In October 2004, the World Wide Web Consortium, known as W3C, held a workshop on the Semantic Web for Life Sciences, attended by 115 people from 77 organizations. Attendance was severely limited by space, the size of the applicant list having surprised the organizers.

Why was there such an interest in this conference?

It is commonplace now to say that biology has become an information science. This is partly meant to suggest that we have acquired a computationally tractable model of biology. Genomes interlinked with large masses of bibliographic and other information, are, yes, “computable” beyond operations on unstructured text, in ways that relate to at least one aspect of the actual biology — i.e., by computing on sequence representations. We can search the bibliographic corpus, find processed information related to sequence, and compute on a model of the sequences. All this information is via the Web, which is what makes it broadly useful.

Bizarrely, however, the Web is also relatively impervious to intelligent navigation by software agents. This means, among other things, that as knowledge on a topic becomes richer, our ability to integrate that knowledge deteriorates — despite our capabilities in free-text retrieval.

Google — and its milestone 2004 beta release of Google Scholar — is great, but it is just a search engine. It cannot integrate. Even if all the texts in the world were digitized and retrievable, biologists would still be winnowing them by hand, and still making huge piles of printouts with Post-its stuck to them.

Semantic Snapshot

Enter the Semantic Web. Biologists want to form, in areas of interest, complete, integrated pictures composed from multiple experimental perspectives — essentially a montage of multiple scientific results at many levels of abstraction. What we want is to extend our knowledge by addressing gaps or contradictions in the montage.
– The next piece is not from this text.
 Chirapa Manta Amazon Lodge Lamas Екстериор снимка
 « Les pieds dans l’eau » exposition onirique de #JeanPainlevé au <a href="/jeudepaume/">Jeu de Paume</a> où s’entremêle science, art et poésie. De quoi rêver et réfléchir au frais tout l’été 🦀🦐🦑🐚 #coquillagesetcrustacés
What is the Semantic Web for Life Sciences and how can it help? W3C defines it as “a vision for the future of the Web in which information is given explicit meaning, making it easier for machines to automatically process and integrate information available on the Web.” In other words, the Semantic Web is a web of pages equally understandable to humans and machines that can be computed upon by software agents.

Humans can understand today’s Web pages, but machines cannot. Machines can only understand those parts with defined meaning. Currently the only items on most Web pages with defined meaning are the URLs. If we are to get beyond the search-engine view of Web integration, we must provide metadata concerning what the information on a Web page means. Today this is mostly, as they say, “an exercise left to the reader.” But not for long, in my view. At the Semantic Web conference, it became clear that the technological basis for the Semantic Web for Life Sciences is now mostly in place, much of it having come to fruition during 2004.

There are five essential requirements of the life science Semantic Web. They are support for: identification, interoperability, classification, properties and relationships. These requirements are supported by three main technologies: LSID, RDF (I’m including RDF Schema with this), and OWL.

LSID is the Life Science Identifier standard, a specialized URN namespace, standardized in 2004. It permits any object on be given a permanent, locally defined, globally accessible identifier.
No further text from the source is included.